*** THE DATA Section Begins ***
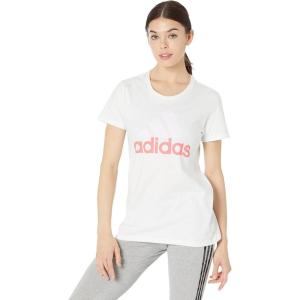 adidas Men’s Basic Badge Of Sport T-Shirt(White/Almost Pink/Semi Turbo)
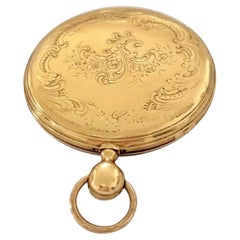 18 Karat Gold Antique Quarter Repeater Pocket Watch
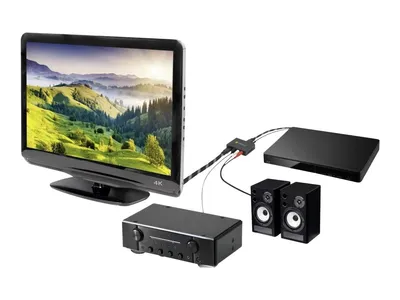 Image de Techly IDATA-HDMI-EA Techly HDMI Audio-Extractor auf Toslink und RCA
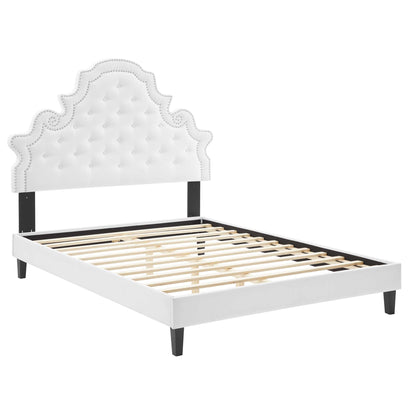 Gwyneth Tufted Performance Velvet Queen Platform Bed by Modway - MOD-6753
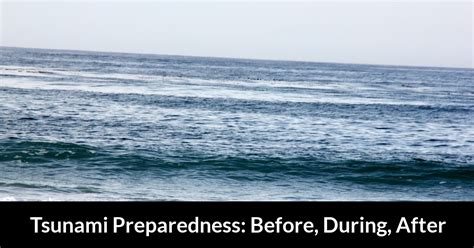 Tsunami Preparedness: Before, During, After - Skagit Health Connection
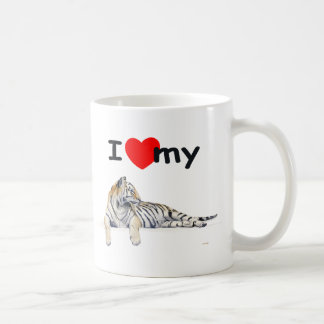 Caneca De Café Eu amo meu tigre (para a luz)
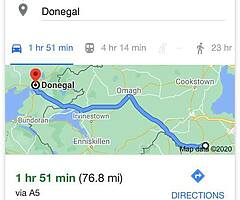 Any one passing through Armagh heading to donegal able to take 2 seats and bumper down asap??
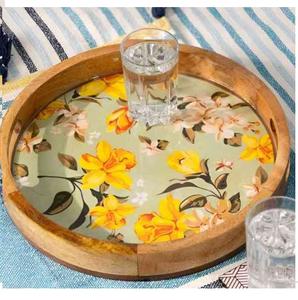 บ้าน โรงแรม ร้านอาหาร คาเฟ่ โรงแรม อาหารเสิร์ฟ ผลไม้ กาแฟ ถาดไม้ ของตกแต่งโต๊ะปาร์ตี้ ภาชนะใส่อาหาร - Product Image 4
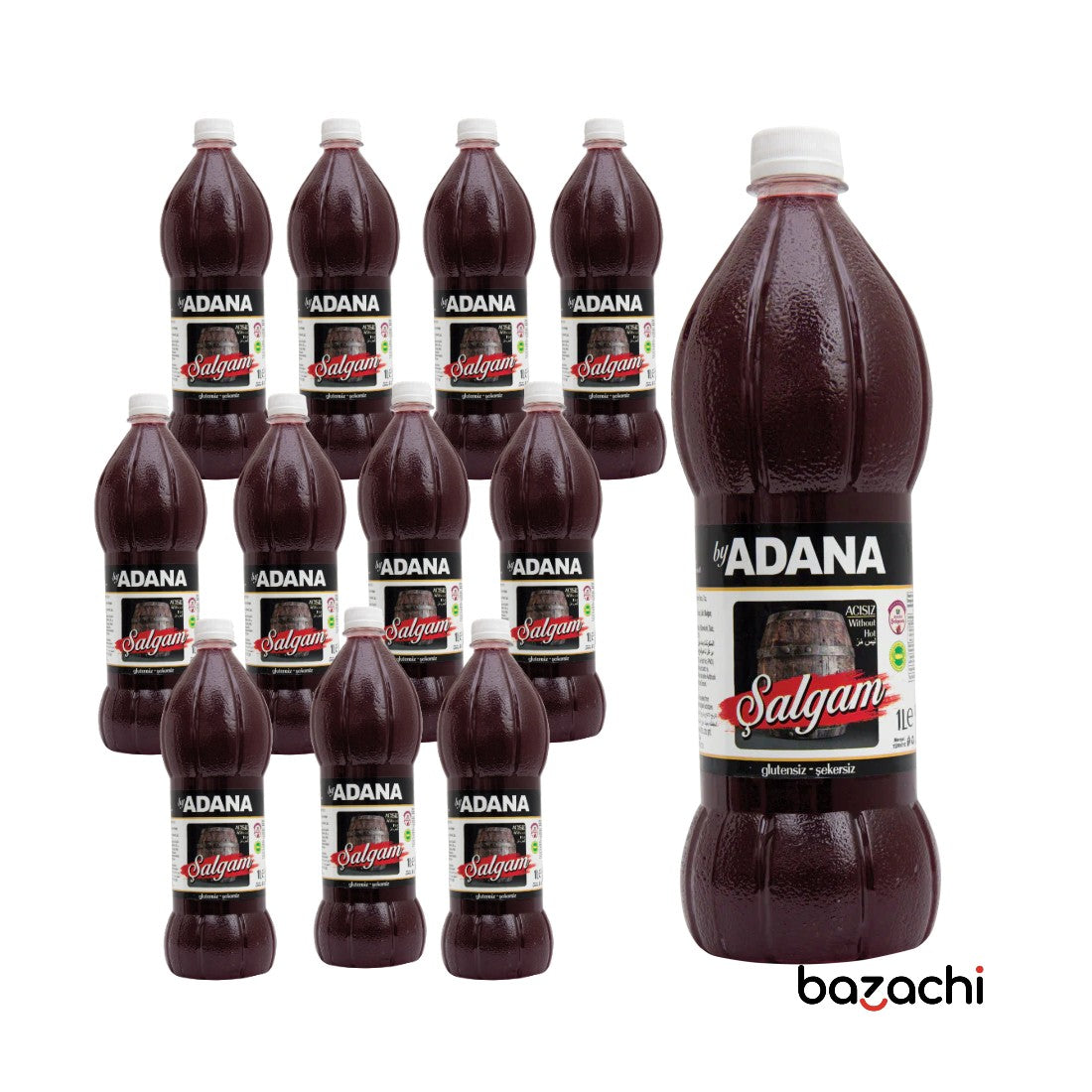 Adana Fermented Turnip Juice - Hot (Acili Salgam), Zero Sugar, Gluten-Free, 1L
*** THE DATA Section Ends ***
*** THE DATA Section Begins ***
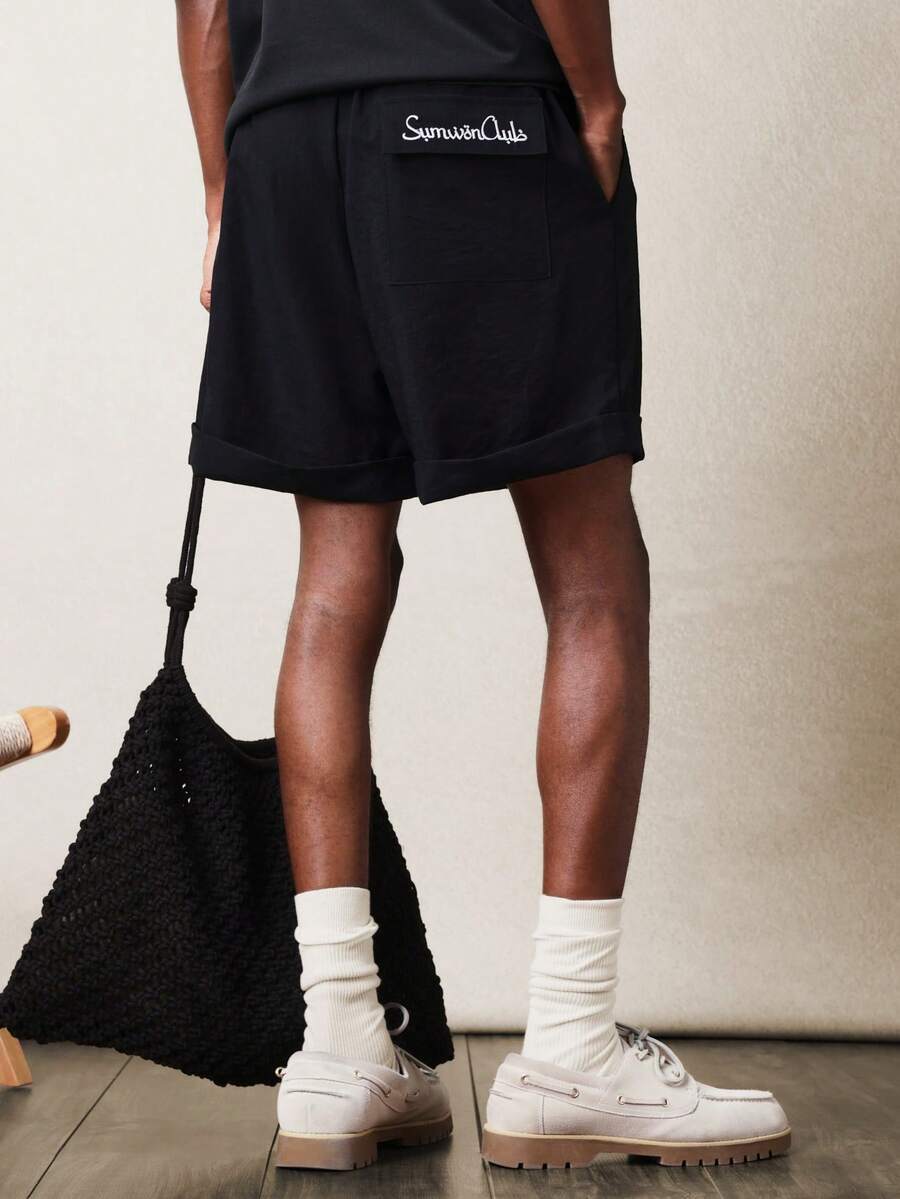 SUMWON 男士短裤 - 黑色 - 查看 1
*** THE DATA Section Ends ***
DIRECTIONS
Every line above from the one with "บ้าน โรงแรม ร้านอาหาร" down to the one with "Adana Fermented Turnip" must be written out exactly, and no picture may appear.

EXERCISE RESULT
 บ้าน โรงแรม ร้านอาหาร คาเฟ่ โรงแรม อาหารเสิร์ฟ ผลไม้ กาแฟ ถาดไม้ ของตกแต่งโต๊ะปาร์ตี้ ภาชนะใส่อาหาร - Product Image 4
 Adana Fermented Turnip Juice - Hot (Acili Salgam), Zero Sugar, Gluten-Free, 1L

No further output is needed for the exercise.